Once you have downloaded the appropriate files, you have two options:

  • manually put them at ~/.keras/models/. In that case, be sure to respect Keras naming for files.

  • put them inside a managed folder and then load them in the model with code like:

    import dataiku
    import os
    from keras.applications import ResNet50
    model = ResNet50(weights=None)
    weights_mf_path = dataiku.Folder("folder_containing_weights").get_path()
    weights_path = os.path.join(weights_mf_path, "resnet_weights.h5")

Code environment lineage

As for the Python backend, the Keras backend “attaches” the code environment used to train a model for every action performed afterwards. This means that the code environment used a train time will be also used for Scoring/Evaluating/Retraining a model, and also if deployed as an endpoint on the API Node.

In particular, it means that if a model is trained with a code environment that has no access to GPU (without tensorflow-gpu), it will not be possible to use a GPU for the following operations.
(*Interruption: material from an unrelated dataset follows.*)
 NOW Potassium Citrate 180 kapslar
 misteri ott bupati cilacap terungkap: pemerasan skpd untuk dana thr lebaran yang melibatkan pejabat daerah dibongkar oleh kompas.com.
On the contrary, if the model is trained with a GPU-aware code environment, it means that all the following operations will have access to GPU(s). In particular:

  • for Retrain recipe, the same options as for the training will be used
  • for the Scoring/Evaluation recipes, you can choose in the Advanced tab whether to use a GPU to run the recipe
  • for the API node, the DSS server needs to have access to a GPU, otherwise the code environment will fail to install. Then, for scoring, the model will be loaded on GPU (not possible to run it on CPU), but will only take the required space (thanks to the allow_growth option of TensorFlow).

TensorFlow session

TensorFlow provides sessions to manage the environment on which the operations are performed. In particular, when we use GPU(s), we can define in theses Sessions how we want to handle the computation and split into our different devices (CPU, GPU #0, GPU #1, …).

In the context of Visual Deep Learning, it is DSS that handles the session, so you should not use it inside its architecture. Otherwise, it could result in unwanted behaviors.

You can “modify” the session in the UI, when selecting the GPU(s). If you modify the “Memory allocation rate per GPU”, it will impact the config.gpu_options.per_process_gpu_memory_fraction of the session.

We also set the allow_soft_placement parameter to True. As per TensorFlow documentation:

If you would like TensorFlow to automatically choose an existing and supported device to run the operations in case the specified one doesn’t exist, you can set allow_soft_placement to True in the configuration option when creating the session.

In the context of DSS, it is useful when using multi GPUs where the model is put to different GPUs then averaged.


DSS provides an Machine learning API to interact with models created in the visual machine learning part of the software. However, it is currently not available for Deep Learning.

Number of outputs in the model

Keras allows you to build multi output architectures. For example, to perform object detection inside images or videos, you want to be able to predict the type of object and its position in the image.

Currently, the Deep Learning is only available in the Prediction part of the Visual Machine Learning, which can treat various problems: Regression, Binary Classification and Multiclass Classification. All those types of problems require one output. Therefore it is currently not possible to have several outputs in an architecture.

Enforced code environment for Project

DSS allows you to select a preferred code environment for a Project, and even allows you to enforce this code environment to be used in every code recipe/Visual ML. However, it currently conflicts with the process of pre-selecting a code environment when creating a new Deep Learning analysis, that will always override this behaviour by selecting a code environment with the appropriate packages.

If you want to enforce the usage of a code environment in your project, you would need to install the appropriate packages on it for being able to run deep-learning (see Runtime and GPU support). Then, when creating a new analysis, you should go to the Python Environment tab, and select Inherit project default (and ignore the warning that is displayed).